Eu quero estar livre, é também uma libertação do peso desses 40 anos desde que comecei. Nesse tempo todo eu fiz o que era para fazer desde menino. Na minha infância, eu era o cantor da família. "Vamos fazer silêncio que o Guilherme vai tocar para nós!" Na casa da minha tia Jandira, que era diretora do Butantã, ela reunia todo mundo na casa dela e lá tinha um piano de cauda. Ninguém mais tocava, só eu. E tocava de tudo. Elvis Presley, Brenda Lee, Ray Charles, o início do Jorge Ben, o começo da Jovem Guarda, Hoje eu sou exatamente o que eu fui projetado a ser, no inconsciente da família e do meu pai, muito por força do meu pai, que ele queria que eu fosse músico popular, que eu fosse concertista. Era o que o meu pai fazia, ele tocava em casa Dilermando Reis, Garoto. Quando a Bossa Nova surgiu, depois a Jovem Guarda, meu pai era um entusiasta daquela efervescência, os festivais, a gente estava sempre acompanhando de perto. Eu tenho um primo, Solano Ribeiro, que foi produtor dos festivais. Meu tio trabalhava na Record, meus primos todos tocavam música, Baden Powell, todo mundo muito musical.

Todos paulistanos?
A raiz é do Ceará, do Crato, da família Limaverde, tem um conservatório lá. Então eu sou hoje o que era para ser a vida toda. O prazer que eu tenho com a música popular vem do colégio, eu fiz o Vocacional, do Brooklyn, famoso. Quando teve a revolução em 1964 os professores foram todos presos. Eu tocava lá, tinha educação musical, artes plásticas. Essa coisa da arte foi um apelo a vida toda. Quando eu entrei na FAU, eu também era o músico da classe, claro que tinha outros, gente de outras artes, o ator Thales Pan Chacon era nosso colega de turma. Hoje, 40 anos depois, olhei minha história e pensei que precisava amarrá-la, porque é uma história de picos e vales, mais baixos do que altos, a carreira é muito mais fracasso do que sucessos, os sucessos são pontas de iceberg. Então me interessava mostrar o resto dos icebergs.
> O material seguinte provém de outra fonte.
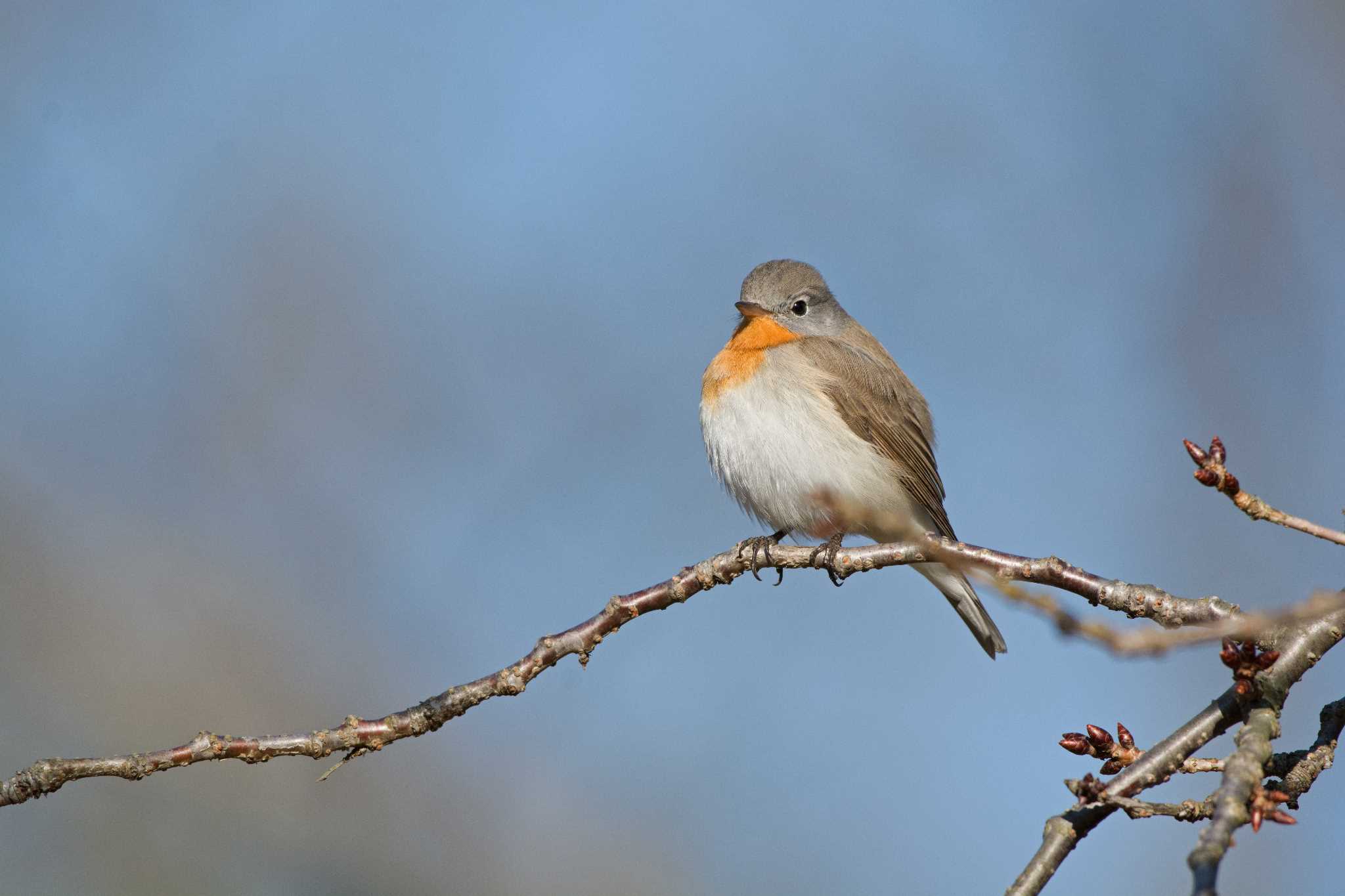 播磨中央公園(兵庫県) ニシオジロビタキの写真 by 倶利伽羅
Foi difícil reunir os 21 discos?
Sim, Tem gravadora que já não existe mais. A PlayArte, por exemplo. Foi um selo criado pelo grupo exibidos de cinema e fiz um disco lá que ficou perdido. Teve um outro disco que nem saiu em CD, o "Ronda Noturna", que tinha "Amanhã", "Baile de Máscaras", foi meu segundo disco. Consegui juntar tudo, muitas faixas desgarradas, que eram compactos de sucesso, "Planeta Água", "Deixa Chover", "Fio da Navalha". Mas não contaram como repercussão de vendas, porque os singles eram como um teste da gravadora. Eu queria pegar todas essas fases e contar as histórias, como era na gravadora Som Livre, qual era o ambiente na CBS. Fui ver qual era a dificuldade que tive nessas épocas, e vi que a dificuldade era o repertório, defender esse bastião autoral. Para um artista se transformar num cover é fácil. O artista vai envelhecendo e depois vira aquela coisa de cantar standards, de terno e gravata.
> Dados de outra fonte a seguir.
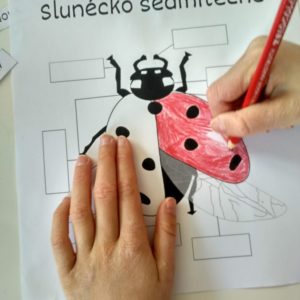 Slunéčko sedmitečné - pracovní listy 3 IMG 20210505 094656 HDR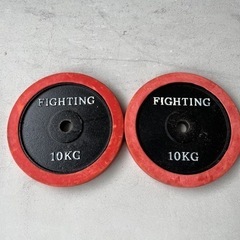 ファイチング10kg x2枚セット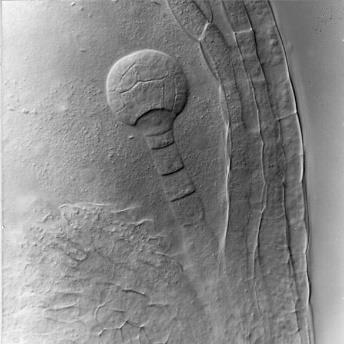 Microscopic image of early cell division in plant embryo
Sempre quis ser compositor?
Eu era radical na coisa do compositor. Quando era criança, meu pai sempre falava, "o craque mesmo é o compositor. Os astros aparecem, são vidas acidentadas, sempre com escândalos, mas o que fica é o compositor. Olha que beleza o Tom Jobim, o Baden Powell".
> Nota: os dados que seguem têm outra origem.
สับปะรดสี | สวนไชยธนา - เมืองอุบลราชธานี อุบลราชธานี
Eu queria pertencer a essa área nobre dos que fazem a canção, mas eu não tinha gente que acreditasse em mim. A única pessoa que acreditou foi a Elis Regina, a primeira que rompeu uma barreira de preconceito, porque eu era artista de programa de auditório. Eu achava bárbaro ser cantor de auditório, porque era democrático, você estava entrando nas favelas, nos rincões do Brasil, nos cabeleireiros tinha o pôster da revista "Amiga", da "Contigo". Então você tinha uma coisa afetiva, da mulherada apaixonada por você. Eu achava lindo o Roberto Carlos, porque ele pegava todo mundo. O Chico Buarque foi muito galã. Hoje se valoriza muito o lado intelectual do Chico, mas ele era um menino de olhos verdes, sonho das meninas. Eu queria ser o Chico.

Era fã desses caras?
Eu via isso dos auditórios, eu ia nos programas, "Esta Noite Se Improvisa", "Dois na Bossa", da Elis. Aí anunciava "vamos receber agora Chico Buarque" e entrava o cara que eu queria ser. Outro dia eu encontrei com o Ivan Lins, em Canela (RS), ele me entregou um prêmio que fui receber lá. Eu disse para ele: "Olha que volta que a vida dá. Eu queria ser você". Quando o Ivan Lins surgiu, com "O Amor É o Meu País", eu queria ser ele, queria ser o Taiguara, esses caras. Então, com a Elis eu realizei um grande sonho, porque ela me vendeu como um hitmaker, ela que inventou essa história de me chamar de hitmaker. Foi coisa dela, porque a Elis precisava de uma música para o rádio. Na época, na FM só tocavam os nordestinos, Elba Ramalho, Fagner, Zé Ramalho, Amelinha, Geraldo Azevedo. A Elis não tocava, a Bethânia não tocava. O primeiro sucesso da Elis em FM foi o "Alô Alô Marciano", e logo depois ela lançou a minha "Aprendendo a Jogar". Ela vendeu disco, ficou feliz.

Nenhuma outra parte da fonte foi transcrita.